Sicilian Feast of Fishes

Traditionally in Catholic countries like Italy, Christmas Eve was a day of abstinence, like Fridays. That meant no meat, thus convincing a lot of believers who still got hungry it was the perfect day to eat boats full of seafood. So The Feast of the Seven Fishes was born.

In Sicily especially, but also across southern Italy and in the America to which so many from there immigrated, Christmas Eve became more than a matter of a baby in a manger.  It became an opportunity to thank the Almighty, while possibly showing off all the good things life had provided.
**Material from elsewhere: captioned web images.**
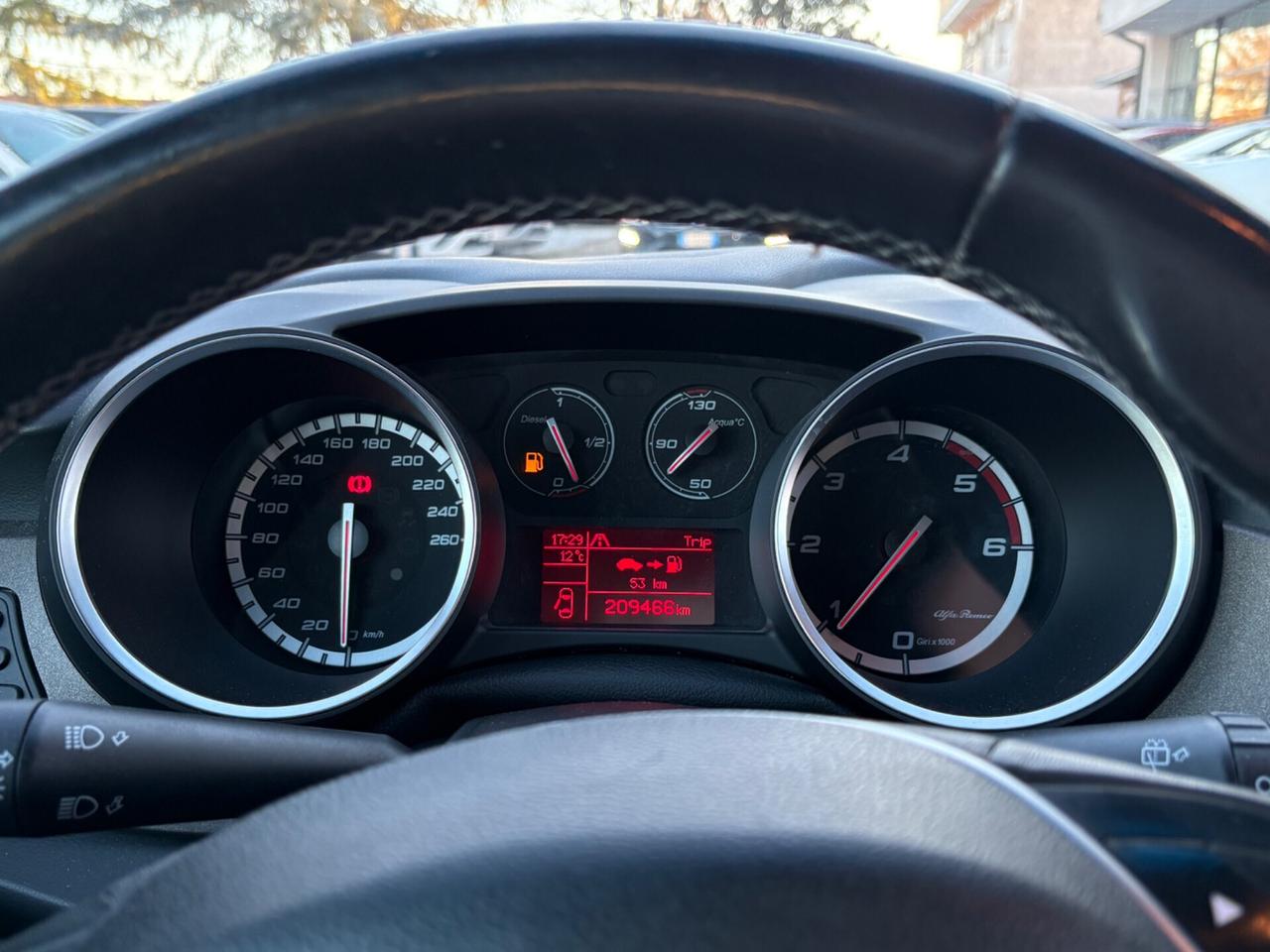 Alfa Romeo Giulietta 1.6 JTDm 120 CV Super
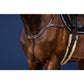 Dy'On Anatomical Breastplate - US Jumping Collection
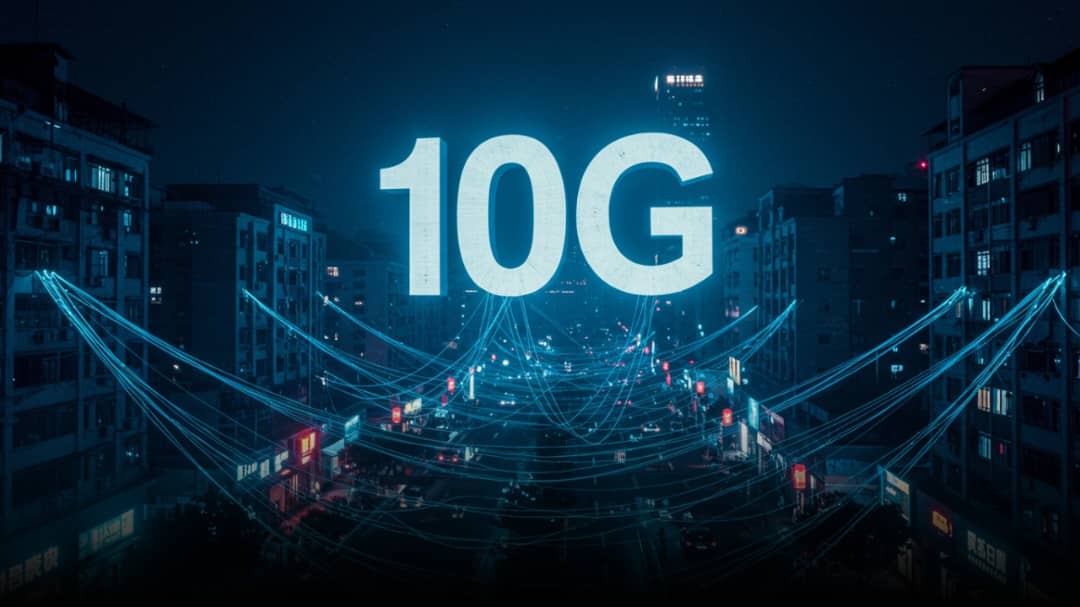 Chine – Xiong’an : la première ville au monde connectée à l’Internet 10G, entre prouesse technologique et désert humain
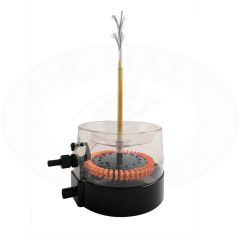 Turbinen-Flaschenreinigungsmaschine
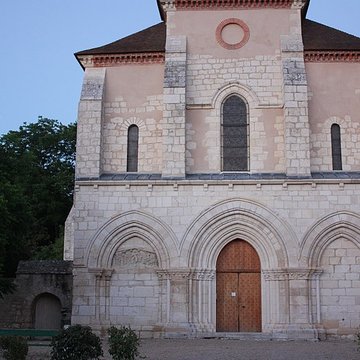 Prieuré Saint-Martial de Ruffec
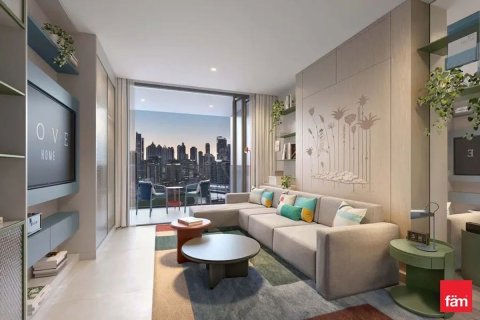 Apartmán v Business Bay, Dubai, SAE 1 spálňa, 56.6 m2 č. 689392 - Fotografia 9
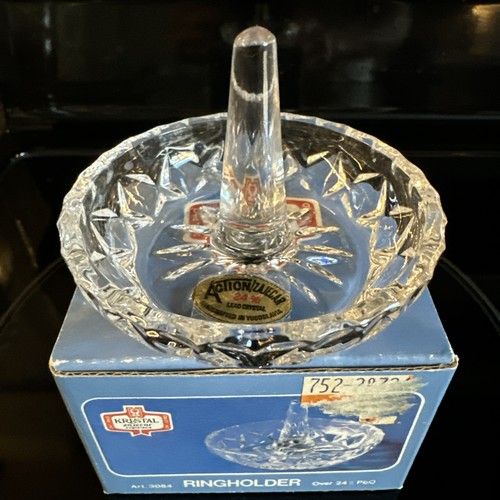 Vtg kristal zajecar - vtg,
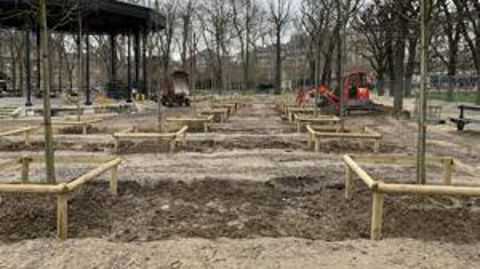 Un document du ministère du Travail relayé par la MSA définit les conditions permettant la reprise du travail dans les espaces verts. Suffisant pour assurer un retour des agents sur les chantiers ? Il est trop tôt pour le dire. © P. Fayolle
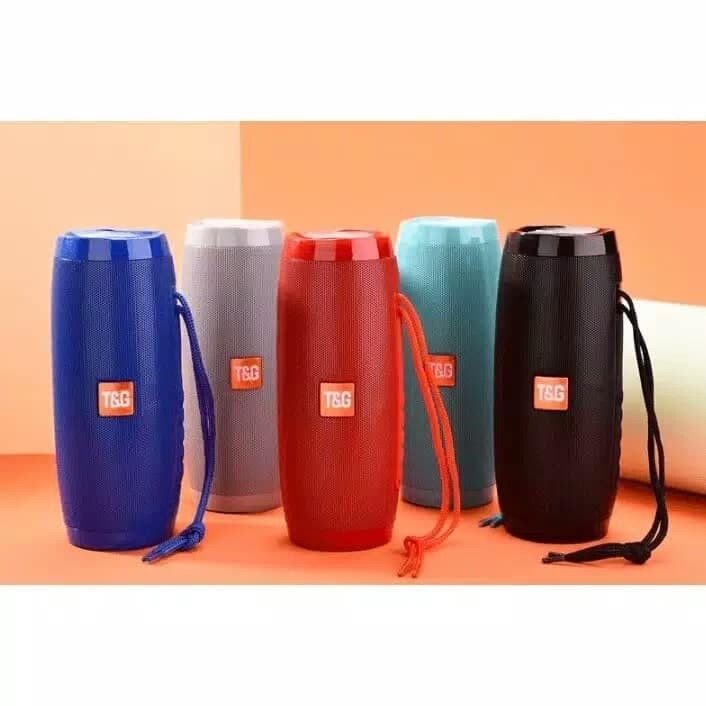 SPEAKER BLUETOOTH SPK BT JBL BULAT TG 157 LED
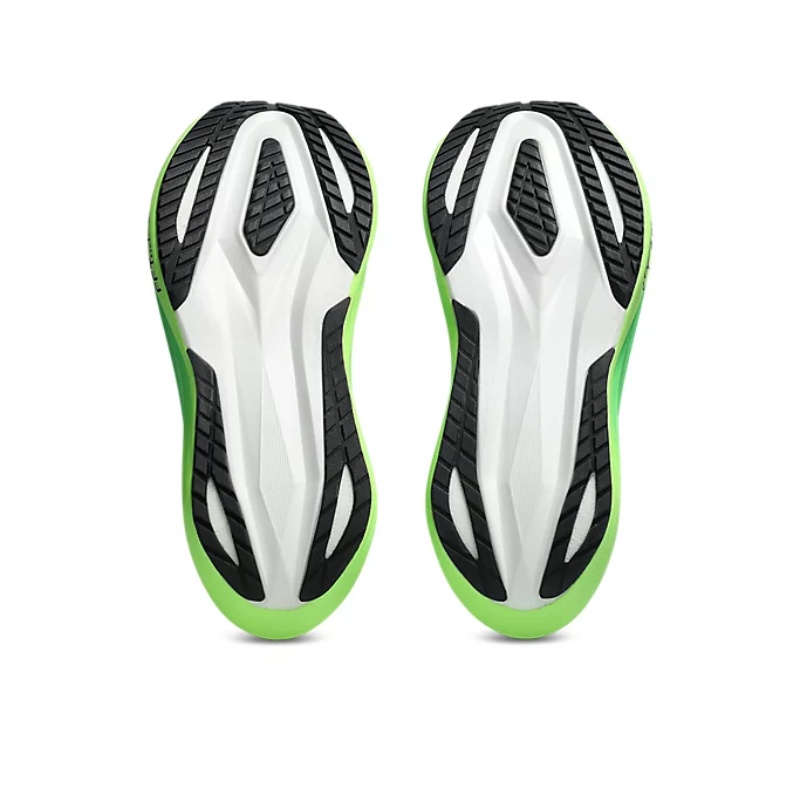 Jual Sepatu Lari Asics Megablast Vital Green Original 1013A170.300 - hoopspoint.com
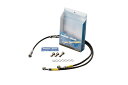 バイク用品 ビルドアライン BUILDALINE Fホース ステン スモーク Sタイプ GSXR1000 03-0420651424S 453879234021...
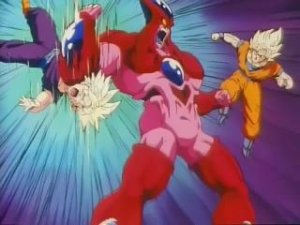 Dragon Ball Z Shin Saiyajin Zetsumetsu Keikaku : Uchuu-Hen (pdia)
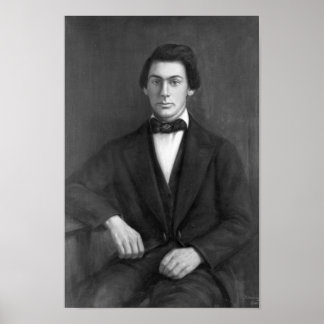 Noble Leslie Devotie Poster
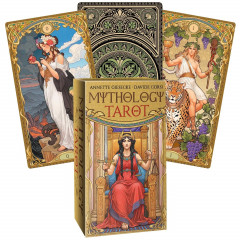 Таро Мифология - Mythology Tarot. Lo Scarabeo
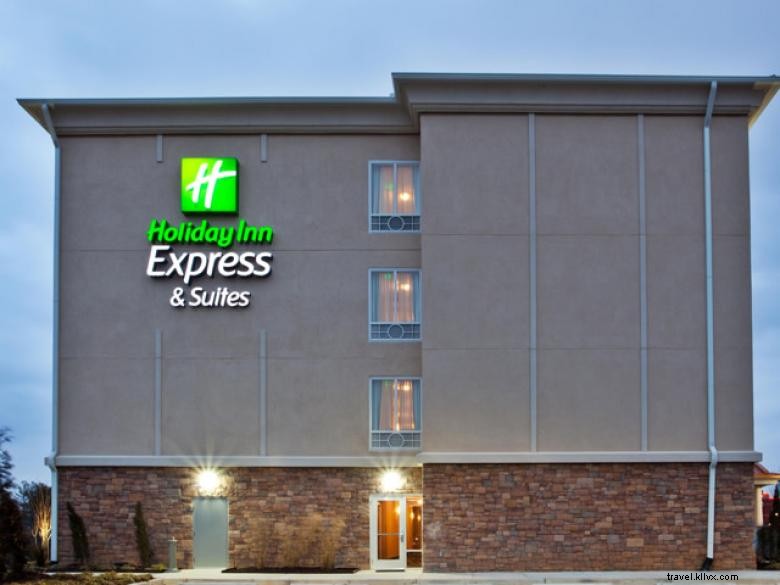 Holiday Inn Express & Suites Atlanta Aéroport Ouest – Camp Creek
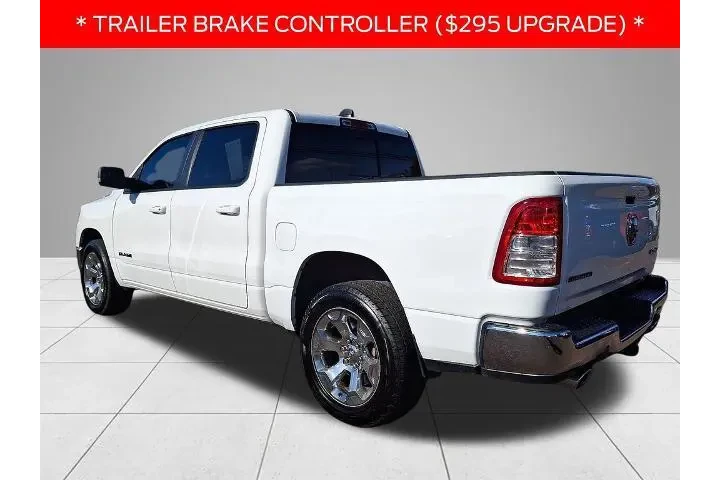 $34375 : Ram 1500 2021 4x4 Lone Star image 6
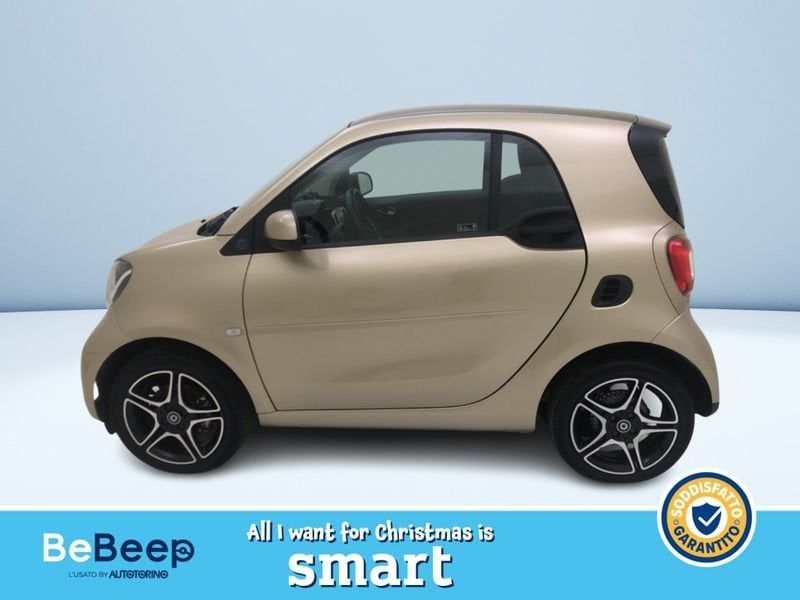 Smart ForTwo 2021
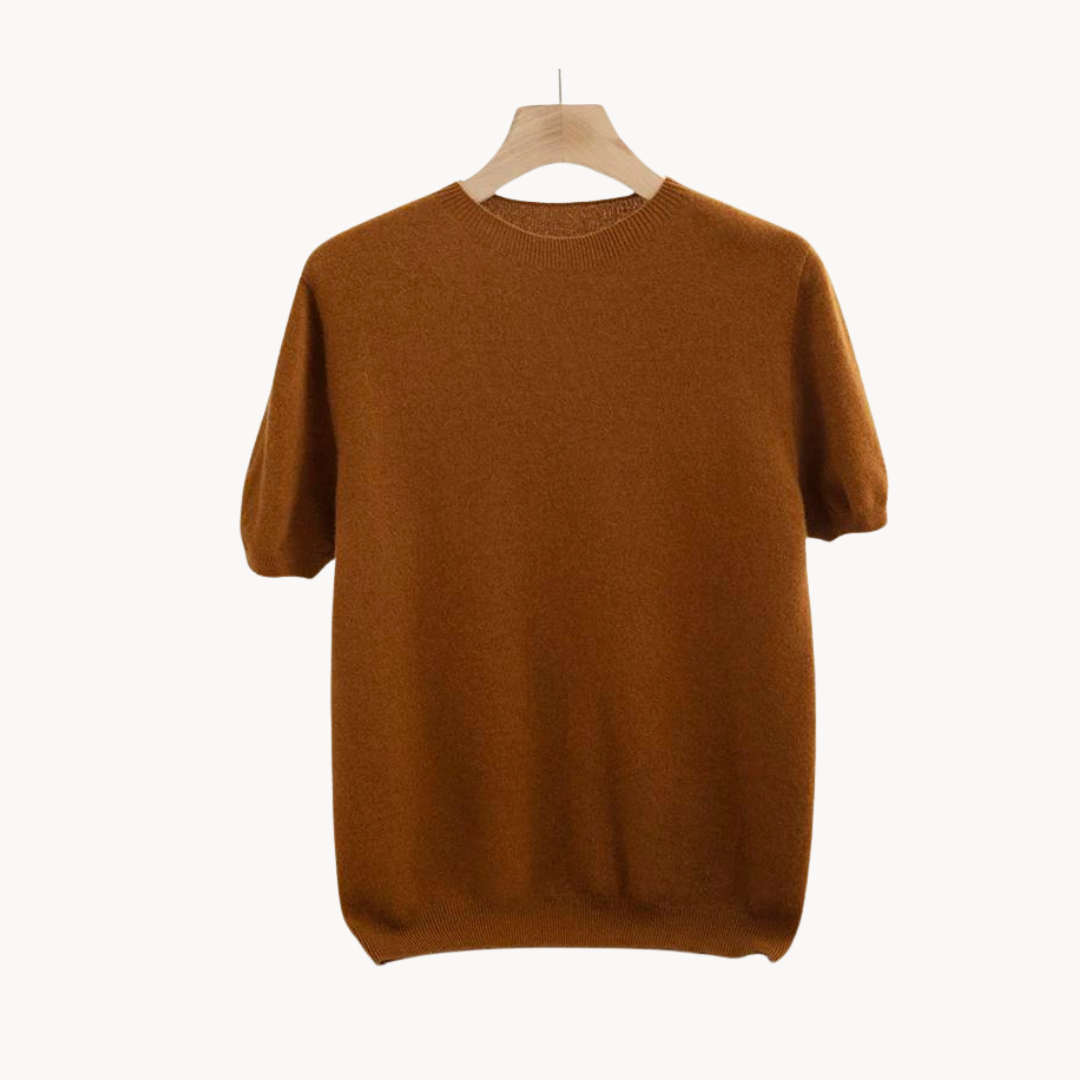 Chemise en Laine Ultra-Fine | Confort et Élégance pour Jours Froids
Of course, meatless Fridays were meant for contemplation and moderation, but really… what would be the harm (these folks wondered) of eating lots and LOTS of fish. The theme over time became abbondanza, abundance. And with some Italian-American families dishing up not seven seafood dishes but nine, eleven or more, Christmas Eve became half boast and half red-gravy Thanksgiving.

One of the nicer touches is that no single seafood menu or even recipe attached itself to The Feast of the Seven Fishes. One theory is that Italian cuisine varies so much from region to region that unleashing a kitchen full of nonnas (grandmothers) will never produce the same flavors twice. Nor will unleashing any two regions, no matter how geographically close they might be.

There is a tip of the hat to the typical Italian meal progression – antipasti (hors d’oeuvres), primi (appetizer but usually one or more pasta dishes), secondi e contorni (main course like grilled whole fish and vegetable side dishes), and dolci (desserts and other sweets). Still, that’s “only” four courses, not seven. Most menus start but hardly stop there, adding a seafood soup and/or a seafood-kissed salad, or simply having two or three very different seafood pastas to try.

The Feast of the Seven Fishes is a cooking marathon with few rules (other than everything being Italian, of course), and almost any seafood is fair game. In fact, the more the merrier – fish from haddock to salmon to swordfish, plus the salted and dried cod known in the Mediterranean world as bacala. Shrimp, mussels, clams, crabs and scallops are also quite typical. Lobster shows up in certain households, but that really WOULD be abbondanza.

SICILIAN SWORDFISH STEAKS

Many Sicilian themes run through this “meat and two sides,” starting with the swordfish that swim through the Straits of Messina separating the island from the Italian mainland. It’s also easy to spot that the dish is more Greek than Italian, and probably more Arab as well. The chickpeas should be a dead giveaway. The flavors are as bright as the meaty swordfish is satisfying.

1 cup Castelvetrano green olives, pitted

½ cup shelled and roasted pistachios

½ cup fresh basil leaves

1 clove garlic, peeled

Zest of ½ lemon

½ cup extra-virgin olive oil

4 (1-inch-thick) swordfish steaks

Salt and black pepper

Combine the olives, pistachios, basil, garlic and lemon zest in a food processor and pulse briefly, then stream in the olive oil and pulse just long enough to combine. Season the swordfish with salt and pepper. Drizzle with olive oil and cook to about medium in a preheated very hot pan, gently turning a couple times, 8-10 minutes total. The fish should flake easily with a fork. Served with Roasted Potatoes and Sauteed Baby Kale with Chickpeas (recipes below). Serves about 6.

ROASTED POTATOES

2 ½ pounds multi-colored potatoes, cut in half

4 tablespoons extra-virgin olive oil

Kosher salt and black pepper

Fresh parsley

Preheat the oven to 400 degrees. Place potatoes in a single layer in a 13 x 9 baking dish. Drizzle with the olive oil and season with salt and pepper. Cover the dish with foil and set in the oven until tender, about 25 minutes. Then remove foil and set under the broiler to brown and crisp for 10 minutes.

SAUTEED BABY KALE WITH CHICKPEAS

1 small onion, sliced

2 tablespoons extra-virgin olive oil

3 large garlic cloves, thinly sliced

1 pound baby kale (or baby kale-spinach mix)

1 cup drained chickpeas

1 teaspoon salt

Red pepper flakes

Caramelize the onion in the olive oil, then stir in the garlic for 1 minute more. Add the baby kale and toss it with the onion, cooking briefly just until starting to wilt. Add the chickpeas long enough to heat through. Season with salt and red pepper flakes.